In this section, we will provide a comprehensive and detailed introduction to the presented system. First and foremost, we will give an overview of the proposed system. Then, we will provide a brief introduction to the semantics-guided module, which we have incorporated into the improved system. Subsequently, we will present additional detailed implementation for tracking and mapping based on the original ORB SLAM2 system.

3.1. System Overview

As we all know, semantic segmentation plays a crucial role in image understanding and AI. It involves classifying each pixel in an image to determine its category, such as its foreground, background, and other objects, enabling further region division. At present, semantic segmentation has been widely used in autonomous driving scenarios. ORB SLAM2 is considered a leading feature-based algorithm in this field [1]. Figure 1 illustrates the pipeline of the proposed method, which builds upon the original ORB-SLAM2 system. The key idea behind the method is to integrate a U-Net-based semantic segmentation module for detecting the moving objects into the original ORB SLAM2 system since the system is a 3D localization and mapping algorithm based on ORB features and achieves a good result in efficient processing, accurate tracking, and mapping. Alongside the three parallel threads of tracking, local mapping, and loop closing in the original ORB SLAM2 system, a semantic segmentation thread is added to the system. The orange box in Figure 1 represents the improved content. It should be noted that for computational efficiency, the semantic segmentation thread is only utilized in keyframes. As a result, the semantics-guided SLAM system minimizes the impact of dynamic object feature points on tracking and local mapping, while enhancing the accuracy and stability of camera pose estimation.

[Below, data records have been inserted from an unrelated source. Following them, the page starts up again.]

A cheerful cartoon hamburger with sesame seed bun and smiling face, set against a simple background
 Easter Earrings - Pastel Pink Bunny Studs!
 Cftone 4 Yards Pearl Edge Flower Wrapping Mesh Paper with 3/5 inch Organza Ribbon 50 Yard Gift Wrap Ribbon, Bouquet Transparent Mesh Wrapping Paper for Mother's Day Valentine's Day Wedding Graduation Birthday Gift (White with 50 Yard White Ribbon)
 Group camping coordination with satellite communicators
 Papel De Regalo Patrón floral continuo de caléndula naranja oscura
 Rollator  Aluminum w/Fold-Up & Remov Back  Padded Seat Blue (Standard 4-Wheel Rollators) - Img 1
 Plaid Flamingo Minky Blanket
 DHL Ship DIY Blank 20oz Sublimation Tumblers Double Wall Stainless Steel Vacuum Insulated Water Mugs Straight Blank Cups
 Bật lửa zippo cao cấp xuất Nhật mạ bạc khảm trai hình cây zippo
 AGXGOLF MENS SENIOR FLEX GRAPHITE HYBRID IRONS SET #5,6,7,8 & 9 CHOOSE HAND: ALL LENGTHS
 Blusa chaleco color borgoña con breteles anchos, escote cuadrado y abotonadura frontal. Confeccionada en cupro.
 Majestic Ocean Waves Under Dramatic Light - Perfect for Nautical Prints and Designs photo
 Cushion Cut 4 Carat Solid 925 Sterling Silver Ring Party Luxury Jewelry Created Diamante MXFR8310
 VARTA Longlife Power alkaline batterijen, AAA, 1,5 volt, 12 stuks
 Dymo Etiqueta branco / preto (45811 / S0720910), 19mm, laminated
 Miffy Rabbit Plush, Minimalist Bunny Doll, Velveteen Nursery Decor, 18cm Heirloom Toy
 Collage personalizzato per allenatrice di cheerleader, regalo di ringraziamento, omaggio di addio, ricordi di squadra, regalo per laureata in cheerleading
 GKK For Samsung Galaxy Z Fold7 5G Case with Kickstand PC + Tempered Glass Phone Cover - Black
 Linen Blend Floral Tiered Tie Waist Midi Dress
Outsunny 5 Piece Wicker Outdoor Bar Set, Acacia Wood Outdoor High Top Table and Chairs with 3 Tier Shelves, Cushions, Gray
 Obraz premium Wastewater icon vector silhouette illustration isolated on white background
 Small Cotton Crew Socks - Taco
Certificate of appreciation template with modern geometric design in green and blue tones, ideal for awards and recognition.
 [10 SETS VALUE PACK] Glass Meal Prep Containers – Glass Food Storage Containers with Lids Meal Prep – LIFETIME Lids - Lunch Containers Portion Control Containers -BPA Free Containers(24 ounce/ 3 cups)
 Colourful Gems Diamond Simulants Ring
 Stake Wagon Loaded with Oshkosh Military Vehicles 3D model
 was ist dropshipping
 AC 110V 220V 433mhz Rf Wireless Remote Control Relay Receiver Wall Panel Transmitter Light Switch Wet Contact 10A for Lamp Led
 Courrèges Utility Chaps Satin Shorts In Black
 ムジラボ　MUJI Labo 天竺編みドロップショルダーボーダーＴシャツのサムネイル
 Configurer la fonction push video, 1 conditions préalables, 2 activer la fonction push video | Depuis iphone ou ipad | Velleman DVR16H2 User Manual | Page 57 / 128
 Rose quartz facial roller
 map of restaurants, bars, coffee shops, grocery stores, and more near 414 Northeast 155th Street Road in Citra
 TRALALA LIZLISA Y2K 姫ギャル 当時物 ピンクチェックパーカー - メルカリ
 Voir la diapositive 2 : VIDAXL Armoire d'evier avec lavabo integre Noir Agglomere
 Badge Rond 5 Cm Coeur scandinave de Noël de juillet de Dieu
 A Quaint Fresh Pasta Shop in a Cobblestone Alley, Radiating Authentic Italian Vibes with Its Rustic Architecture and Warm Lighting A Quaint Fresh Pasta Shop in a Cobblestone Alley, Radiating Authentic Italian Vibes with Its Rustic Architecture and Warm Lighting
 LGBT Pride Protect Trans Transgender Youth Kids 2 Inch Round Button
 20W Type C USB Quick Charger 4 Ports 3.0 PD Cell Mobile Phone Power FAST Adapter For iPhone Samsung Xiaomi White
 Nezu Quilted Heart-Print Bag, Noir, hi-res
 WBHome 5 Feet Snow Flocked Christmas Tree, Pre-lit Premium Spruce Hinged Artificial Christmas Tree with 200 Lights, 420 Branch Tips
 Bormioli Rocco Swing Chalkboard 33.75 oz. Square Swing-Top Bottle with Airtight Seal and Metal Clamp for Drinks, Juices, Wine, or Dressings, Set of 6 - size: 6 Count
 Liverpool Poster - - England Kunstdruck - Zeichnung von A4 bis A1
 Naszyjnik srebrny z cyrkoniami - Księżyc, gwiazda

3.2. Semantic Segmentation Module

To detect and isolate the dynamic objects, we employ pixel-wise semantic segmentation. Deep learning-based image-processing methods demonstrate improved performance in various tasks, including detection and segmentation. Ref. [39] describes how a proposed encoder–decoder, which nested the semantic network EfficientNetv2 [40] with a novel attention gate (AG), can be used to segment forest fires and smoke using a novel encoder–decoder framework. Unlike the modified EfficientNetv2, U-Net is a semantic segmentation algorithm based on convolutional neural networks (CNNs) that exhibits good robustness, achieving good results even with limited training data or in the presence of noise. It can adapt to different tasks by adjusting parameters in the network structure. The U-Net architecture is adopted for its excellent performance in locating the object edge information. In our implementation, we utilize the PyTorch library [41] to construct the U-Net architecture. Herein, U-Net is an encoder–decoder-based architecture comprising a contracting path for context capture and a symmetric expanding path for precise localization [42]. The encoder and decoder are connected through two 3 × 3 convolutions. Each 3 × 3 convolution in the network is followed by a rectified linear unit (ReLU) activation function to enhance the model’s expressive power. The output feature map of the second convolution in each stage of the encoder is transmitted to the decoder through skip connections. It is then cropped and concatenated with the output feature map of the corresponding stage’s upsampling layer in the decoder to achieve a fusion of shallow and deep information, providing more semantic information for the decoding process. Lastly, a 1 × 1 convolution is used to convert the 64-dimensional channel feature map into a 2-dimensional channel feature map. A Softmax classifier is applied to classify each pixel point individually, generating a segmentation map with white representing the target and black representing the background. The basic framework of U-Net is illustrated in Figure 2.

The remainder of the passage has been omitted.